Abdellah Taïa est un héros. L’écrivain et réalisateur aide à changer le discours sur l’homosexualité au Maroc, et peut-être même, à changer ailleurs le regard porté sur les Arabes. Son talent singulier lui donne une place unique dans le paysage culturel, traversant avec grâce et courage la ligne entre l’artiste et l’activiste.
Sa force tenace et sa générosité nous ont donné une vue privilégiée sur son voyage. Nous le suivons à travers ses désirs, passions, rêves et luttes, du Maroc à la France, de la Suisse à L’Egypte. A l’occasion de la sortie de son 7ème roman, Un Pays Pour Mourir (www.seuil.com) le 8 janvier et de la diffusion en 2015 aux Etats-Unis de son film L’armée du Salut, adapté de son roman du même nom, il a accepté de nous parler de sa participation à l’édition 2014 de la Biennale du Whitney Museum, de Saint Genet, des politiques post Printemps Arabe.
Paris a connu un Automne marocain. Comment avez-vous trouvé cet événement culturel jusqu’à maintenant?
J’ai beaucoup aimé l’exposition « le Maroc contemporain » à l’Institut du Monde Arabe. Et j’ai adoré « Zu », la nouvelle pièce de l’extraordinaire chorégraphe Bouchra Ouizguen. J’ai énormément d’admiration et d’amour pour cette femme avec qui j’ai dansé en 2012. Nous avons créé ensemble un duo, « Karantika ». Nous l’avons présenté à Bruxelles, Charlerois, Casablanca.
Le DVD de votre film L’Armée du Salut vient juste de sortir. Un des bonus concerne la tombe de Jean Genet à Larache, au nord du Maroc. Genet avait une loyauté féroce, personnellement et politiquement, envers le Maroc, l’Afrique du Nord et le Moyen Orient. Pouvez-vous nous parler de ce court-métrage, ainsi que de la conférence que vous avez donnée récemment dans le cadre d’Un Automne marocain à Paris?

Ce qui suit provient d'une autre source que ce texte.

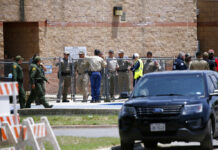 Gunman Kills 19 Children in Texas School Rampage Law enforcement, and other first responders, gather outside Robb Elementary School following a shooting, Tuesday, May 24, 2022, in Uvalde, Texas. Photo: Dario Lopez-Mills / AP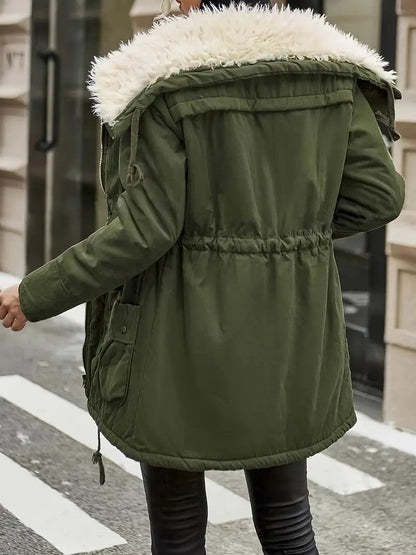 Women’s Parka Jacket – Mid-Length Fit – Faux Fur Hood – Drawstring Waist – Utility Style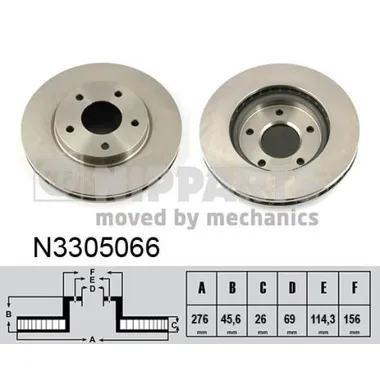 Диск тормозной передний вент.[ NIPPARTS N3305066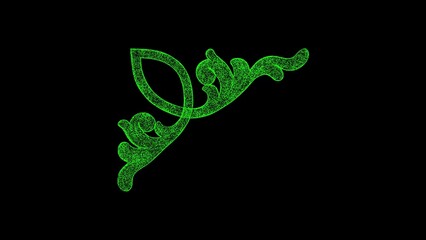 3D beautiful pattern on black background. Object dissolved green flickering particles. Science concept. Abstract bg for title, presentation. Holographic screensaver. 3D animation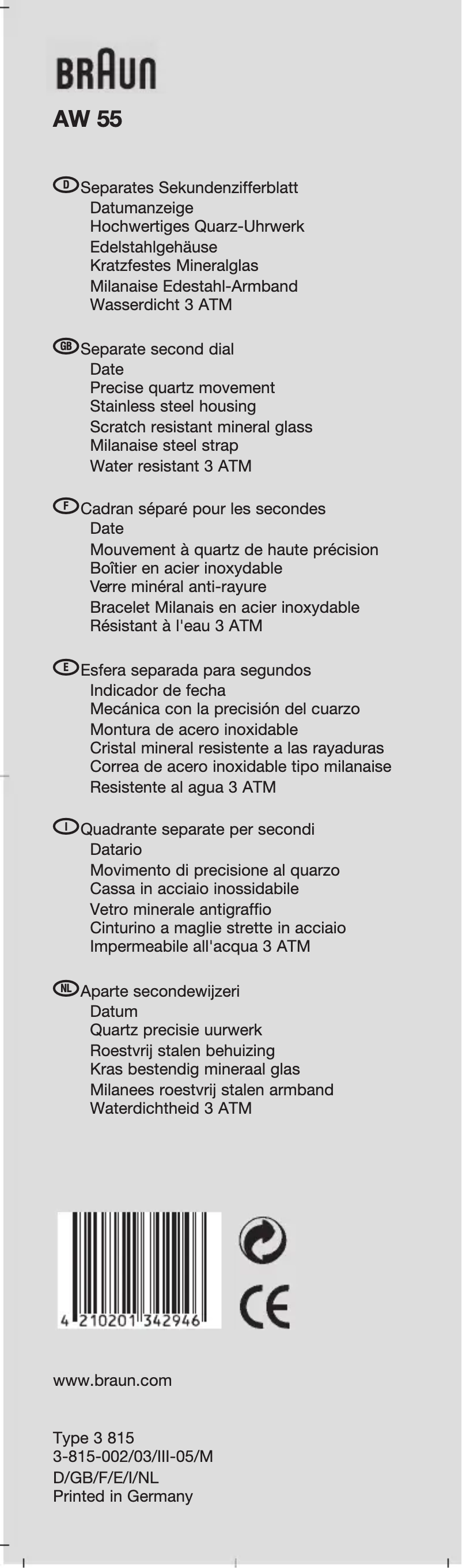 Página 1 del manual Manual de usuario Braun AW 55
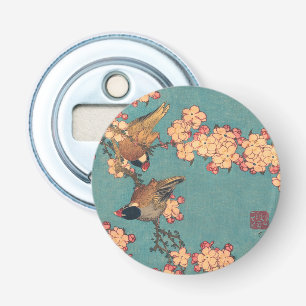 Vogels Bloemen Hokusai Japanse kunst Button Flesopener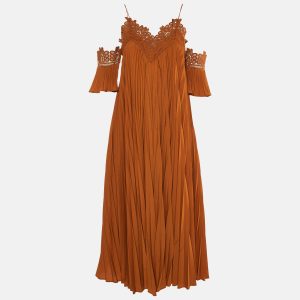 Self-Portrait Ochre Plisse Lace Trim Cold Shoulder Long Dress S, Dresses - Luxury Closet catalog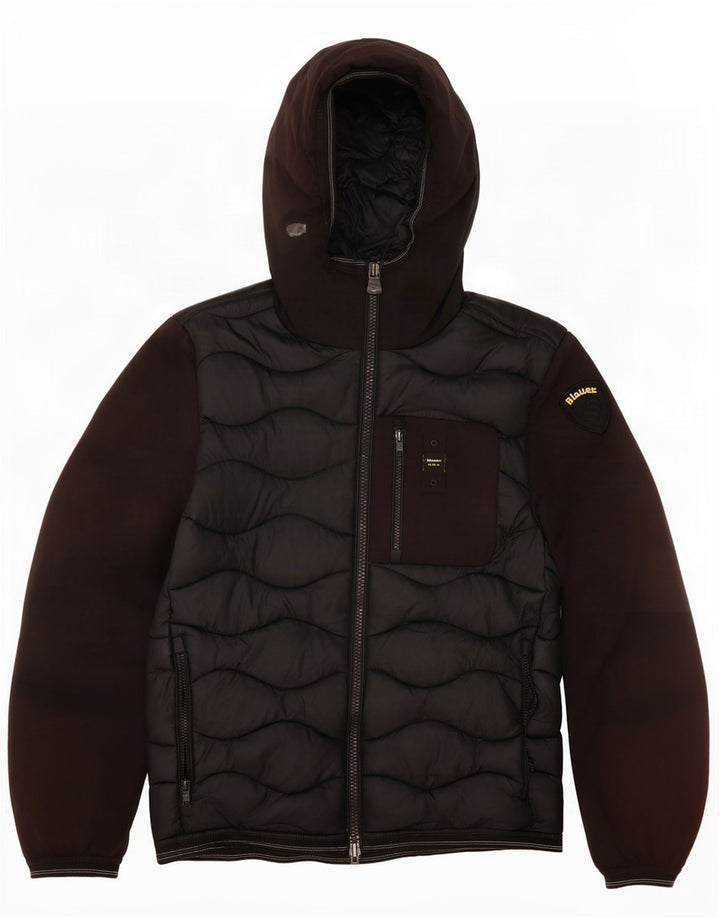 Blauer wattierte Herrenjacke mit Kapuze, UK 38, Mittelschwarz, Colourblock-Polyamid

En mai 2008, je suis allé à Larache pour rendre visite à la tombe de Jean Genet. Pour la première fois. J’avais ramené avec moi ma caméra. Dès que j’ai mis les pieds dans cette ville, j’ai ressenti un besoin urgent de filmer, enregistrer, capturer des images dans ce chemin vers cette tombe « sacrée ». Et c’est ce que j’ai fait. J’ai réalisé ainsi, tout seul, ma première oeuvre de cinéma qui mélange tout ce que je suis dans cette vie: les origines pauvres, l’homosexualité, le désir de nudité absolue, le besoin de crier et de s’offrir à quelqu’un, un saint. Jean Genet est en train de devenir un saint au Maroc, d’une manière mystérieuse, fascinante, magique. Il n’est pas célébré là-bas pour ces livres mais pour les souvenirs qu’il a laissés dans les mémoires des gens simples, les pauvres. C’est ma mère, femme analphabète, qui m’a parlé dans les années 80 de Jean Genet… J’aime cela… J’aime que l’écrivain sorte des frontières de la littérature et soit au coeur de la vie de tout le monde… Un écrivain ne doit surtout pas être la propriété des spécialistes et de ceux qui estiment comprendre les livres mieux que les autres.
Vous êtes une figure clé du changement de perception et de la libération de l’homosexualité au Maroc. Une sorte de libération se produit-elle vraiment? Qui d’autre, diriez-vous, aide le mouvement?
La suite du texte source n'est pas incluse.